<em>In Vivo </em>panCAR-Mediated Depletion of B Cells in Non-Human Primates Using a Circular (oRNA<sup>®</sup>) Anti-CD20 CAR

Emmanuel, Akinola

Oral and Poster Abstracts
702. CAR-T Cell Therapies: Basic and Translational: Poster II

Research, Drug development, Translational Research, Diseases, Treatment Considerations, Lymphoid Malignancies, Emerging technologies, Technology and Procedures, Study Population, Animal model

Juliet Crabtree¹^*, Akinola Emmanuel¹^*, Ganapathy Subramanian Sankaran¹^*, Jui Dutta-Simmons¹^*, Karolina Kosakowska¹^*, Tracy Dimezzo¹^*, Ian Langer¹^*, Prapti Vyas¹^*, David Soto¹^*, Akshi Thakkar¹^*, Grace Chen¹^*, Maja Sedic¹^*, Scott Barros¹^*, Allen Horhota¹^*, Isin Dalkilic-Liddle¹^*, LT Thiruneelakantapillai¹^*, Muthusamy Jayaraman¹^*, Megan Hoban¹^*, Frank Neumann¹ and Robert Mabry, PhD²^*

¹Orna Therapeutics, Watertown, MA
²Orna Therapeutics, Cambridge, MA

While traditional ex vivo-generated chimeric antigen receptor (CAR) T cell therapies have had tremendous success in the clinic, manufacturing, safety, and accessibility challenges remain. The prospect of an in vivo CAR therapy without the need for patient cell isolation and culture and the safety risks associated with conditioning regimens remains a therapeutic goal. Orna Therapeutic’s panCAR™ combines a synthetic, circular coding RNA platform (oRNA^®) and proprietary immunotropic lipid nanoparticle (LNP) to drive CAR expression on the surface of immune effector cells (e.g. T cells, NK cells) after in vivo administration, promising a transient, re-dosable, and scalable immune cell therapy without the need for preconditioning lymphodepletion. Orna’s panCAR technology leverages both a high-throughput LNP discovery engine, capable of unlocking LNP-mediated RNA delivery to extra-hepatic tissues, with a proprietary FoRCE platform capable of identifying oRNA-required IRES sequences that initiate protein translation in target cells.
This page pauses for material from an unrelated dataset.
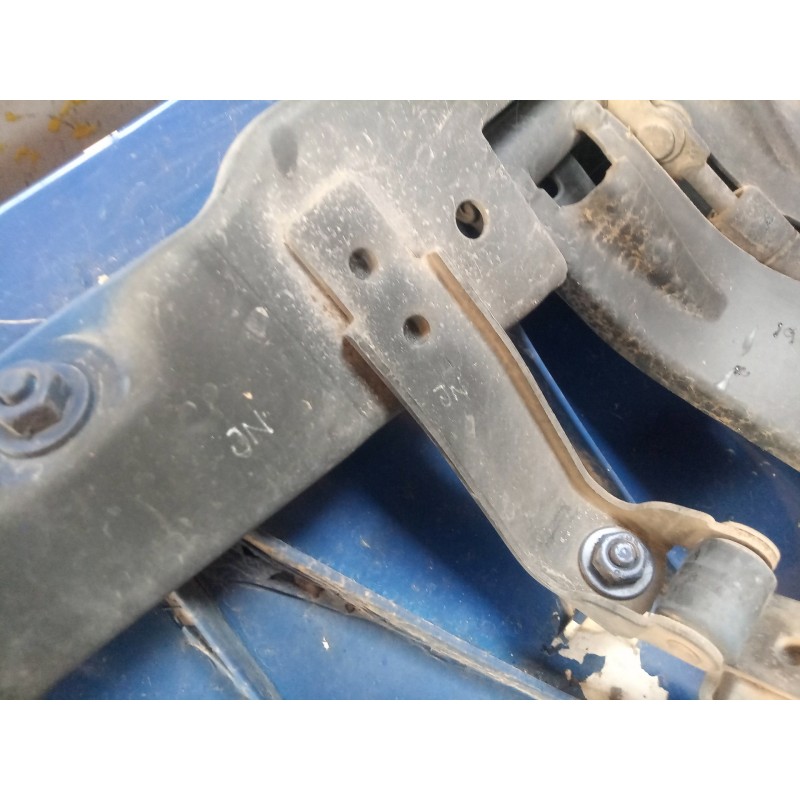 Recambio de aleta delantera derecha para scania serie 4 (p/r 94 g) 9.0 diesel referencia OEM IAM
Our lead immunotropic LNP, LNP-6, delivers RNA cargo to 60% of splenic and 84% of peripheral blood T cells in non-human primates (NHP) using a reporter RNA cargo. When paired with an oRNA cargo, LNP-6 demonstrated up to ~70% delivery of an anti-CD20 CAR to NHP T cells and human T cells in vitro, maintaining expression over 72 hours. In cytotoxicity assays, both an anti-CD20 CAR and anti-CD19 CAR construct were able to kill human B lymphoblast cell lines in vitro. Using a humanized mouse model, an LNP-6-delivered anti-CD20 CAR oRNA showed significant B cell depletion in peripheral blood, spleen, and bone marrow at 24 hours (75-80% reduction) and sustained B cell depletion 7 days after dosing in the peripheral blood and bone marrow compartments. In NHPs, LNP-6 delivery of an anti-CD20 CAR oRNA resulted in a 95% reduction in B cells with sustained depletion (82%) 7 days after a single dose. These data support the opportunity for exploration of in vivo CAR therapies in oncologic disease settings.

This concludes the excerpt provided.